As stunned onlookers navigated around us pushing flatbed carts of flat-packed regrets, I realized: the worst fights don’t come from what someone does wrong—they come from realizing that they’ll never truly understand what you need. And I? I needed to walk away from Eric.


Lessons in Leaving

Breaking up was like trying to round up a herd of ranch cattle during a mid-March storm: stressful, inevitable, and guaranteed to leave everyone a little bruised. But out of that snowstorm, I learned some things.

If you’re feeling stuck in a relationship that’s “nice”—not bad, but not nourishing either—here’s what you might need to hear:

1. A Relationship Needs More Than History.
Just because you’ve climbed mountains together doesn’t mean you need to keep scaling them. Shared memories are not a life sentence. It’s okay to cherish what was while stepping toward what could be.

2. Don’t Wait Until IKEA Explains Everything.
If you’re avoiding a hard conversation because you “don’t want to hurt someone,” let me save you the suspense: you’re hurting them anyway.

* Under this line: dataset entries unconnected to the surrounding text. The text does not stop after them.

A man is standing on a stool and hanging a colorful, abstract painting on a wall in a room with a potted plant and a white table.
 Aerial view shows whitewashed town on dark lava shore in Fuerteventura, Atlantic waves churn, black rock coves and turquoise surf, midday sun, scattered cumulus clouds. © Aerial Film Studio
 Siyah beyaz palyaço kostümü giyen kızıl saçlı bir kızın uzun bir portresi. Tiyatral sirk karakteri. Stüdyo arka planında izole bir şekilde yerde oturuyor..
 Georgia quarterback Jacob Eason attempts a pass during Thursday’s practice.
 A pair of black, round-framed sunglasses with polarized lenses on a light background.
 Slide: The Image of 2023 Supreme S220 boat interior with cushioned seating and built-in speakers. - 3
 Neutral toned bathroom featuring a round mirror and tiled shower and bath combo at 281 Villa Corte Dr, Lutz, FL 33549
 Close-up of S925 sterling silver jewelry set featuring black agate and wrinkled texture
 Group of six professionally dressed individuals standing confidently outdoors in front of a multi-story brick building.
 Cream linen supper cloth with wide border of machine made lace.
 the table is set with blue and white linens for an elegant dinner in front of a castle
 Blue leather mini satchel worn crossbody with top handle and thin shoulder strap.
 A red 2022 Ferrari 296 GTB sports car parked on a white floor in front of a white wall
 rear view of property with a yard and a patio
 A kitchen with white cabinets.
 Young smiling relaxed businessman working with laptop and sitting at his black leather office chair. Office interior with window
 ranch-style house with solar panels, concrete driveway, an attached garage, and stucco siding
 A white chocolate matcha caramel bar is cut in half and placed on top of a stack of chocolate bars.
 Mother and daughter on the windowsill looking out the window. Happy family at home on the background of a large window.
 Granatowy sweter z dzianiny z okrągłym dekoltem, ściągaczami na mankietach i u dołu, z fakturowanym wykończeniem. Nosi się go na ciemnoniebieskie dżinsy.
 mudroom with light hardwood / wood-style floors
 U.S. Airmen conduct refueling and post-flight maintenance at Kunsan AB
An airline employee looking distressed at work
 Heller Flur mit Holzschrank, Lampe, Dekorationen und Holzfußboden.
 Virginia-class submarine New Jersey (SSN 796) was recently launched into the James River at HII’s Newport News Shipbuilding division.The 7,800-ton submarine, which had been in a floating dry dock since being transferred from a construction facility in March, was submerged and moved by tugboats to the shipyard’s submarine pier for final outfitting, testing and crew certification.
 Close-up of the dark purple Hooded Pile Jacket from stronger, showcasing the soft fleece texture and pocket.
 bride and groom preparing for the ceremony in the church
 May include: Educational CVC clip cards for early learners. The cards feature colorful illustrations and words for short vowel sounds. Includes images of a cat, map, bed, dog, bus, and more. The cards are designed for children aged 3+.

If the situation feels broken, dragging it out only dulls the cracks.

3. It’s Okay to Want More.
Wanting more from a partner—more passion, curiosity, or compatibility—doesn’t make you demanding. It makes you honest. Relationships should feel collaborative, like a great tango or a good fence line you both help mend.

4. The Right Love Won’t Feel Like Settling.
There’s love that feels like a fenced pasture, and love that feels like the open range. Don’t convince yourself you belong in the smaller space when your soul craves the other.


Finding My Way Through the Snowstorm

After Eric and I parted ways, I spent a long week on my parents' ranch, helping mom feed the horses and occasionally sneaking into the hayloft to cry. It felt like every bird in Montana had flown straight into my chest, all feathers and aching wings. But then, as things do, life went on.

There’s an odd kind of confidence you get once you’ve done something you didn’t think you could survive. It's like standing tall after being thrown from a horse—you ache in the strangest places, but you’re proud because you got back up.

And here’s the wild thing about ending something “nice”: after you clear away the heartache, the doubts, and the Tom Hanks movies, there’s room for something better to find you.

For me, that “better” turned out to be more time alone in Montana’s backcountry and less time faking contentment on Eric's living room couch. I started writing again, unrushed and unapologetic, and oh, the freedom in that was like barreling through snow at a gallop.


You’re Stronger Than You Think

If you’re on the edge of a hard decision—a breakup or any challenge that feels like it might undo you—let me be the first to tell you that you can survive it. Yes, it’ll feel messy; yes, it might involve an actual IKEA meltdown. But trust me when I say nothing good ever came from staying tethered to a life or person that doesn’t let you grow.

Sometimes, the hardest choice teaches you the depth of your own resilience. And when that snowstorm clears, what you’ll find isn’t just wide-open skies—it’s a wide-open you.